Anyway, did the render test-- no overclocking, just stock Q9450 with 4GB G.Skill memory, the Gigabyte GA-P3d-S3G motherboard

118 seconds

Now, for fun, overclocking... results--

3.25 GHz= 98 seconds

and that's about as fast as this Q9450 will go as far as I can tell. I'm just using the Gigabyte EasyTune utility, and beyond that is beyond my ability.

Can't say that I'll run this machine overclocked to save a few seconds, and as I've observed previous--- render while doing chores or sleeping, and a P4 will do just fine, and this was all mostly for jollies as far as I can gather.
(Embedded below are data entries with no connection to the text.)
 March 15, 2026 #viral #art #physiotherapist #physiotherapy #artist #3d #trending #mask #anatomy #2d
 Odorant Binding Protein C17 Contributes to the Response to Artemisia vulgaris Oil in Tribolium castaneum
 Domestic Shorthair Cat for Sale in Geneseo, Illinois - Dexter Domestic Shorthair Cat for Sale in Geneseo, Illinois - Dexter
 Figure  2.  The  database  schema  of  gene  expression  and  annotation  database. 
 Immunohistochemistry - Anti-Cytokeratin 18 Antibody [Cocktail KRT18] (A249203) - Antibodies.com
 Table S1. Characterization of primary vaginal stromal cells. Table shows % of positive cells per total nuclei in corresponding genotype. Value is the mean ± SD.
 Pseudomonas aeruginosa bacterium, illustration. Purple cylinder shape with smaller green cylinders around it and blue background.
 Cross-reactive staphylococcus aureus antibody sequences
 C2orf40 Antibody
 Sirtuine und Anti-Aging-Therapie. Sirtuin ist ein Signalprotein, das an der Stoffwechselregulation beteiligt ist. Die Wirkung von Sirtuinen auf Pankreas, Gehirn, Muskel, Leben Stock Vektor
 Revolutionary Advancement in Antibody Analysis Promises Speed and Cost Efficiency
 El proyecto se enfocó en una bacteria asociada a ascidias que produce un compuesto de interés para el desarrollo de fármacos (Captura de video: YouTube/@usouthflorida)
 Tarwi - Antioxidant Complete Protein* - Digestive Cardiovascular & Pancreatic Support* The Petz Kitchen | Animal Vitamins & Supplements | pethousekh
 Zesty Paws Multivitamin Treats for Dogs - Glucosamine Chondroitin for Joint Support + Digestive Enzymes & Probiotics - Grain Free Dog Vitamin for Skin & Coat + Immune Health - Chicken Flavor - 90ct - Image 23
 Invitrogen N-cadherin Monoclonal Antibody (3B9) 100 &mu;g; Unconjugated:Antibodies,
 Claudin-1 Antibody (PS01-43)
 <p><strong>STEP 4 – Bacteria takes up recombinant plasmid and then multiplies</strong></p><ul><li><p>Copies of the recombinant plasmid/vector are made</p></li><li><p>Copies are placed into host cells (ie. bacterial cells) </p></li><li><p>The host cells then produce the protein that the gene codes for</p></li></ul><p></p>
Glad I figured how to save a few bucks in the process.

If there are some tweaks to optimize in Vegas for this quad, I've missed it-- anyone clue me in if there's something else I should have done... :-)

Cheers.
boggaf05 wrote on 7/10/2008, 6:52 PM
2:13 on Q6600
Aegis Kleais wrote on 7/11/2008, 10:21 PM
2:14

Q6600 2.4GHz
4GB PC2-8500
800+GB of 7200RPM 16MB SATAII HDD
Windows XP Pro SP2
rs170a wrote on 7/12/2008, 7:34 AM
What is the "standard" output being used for comparison?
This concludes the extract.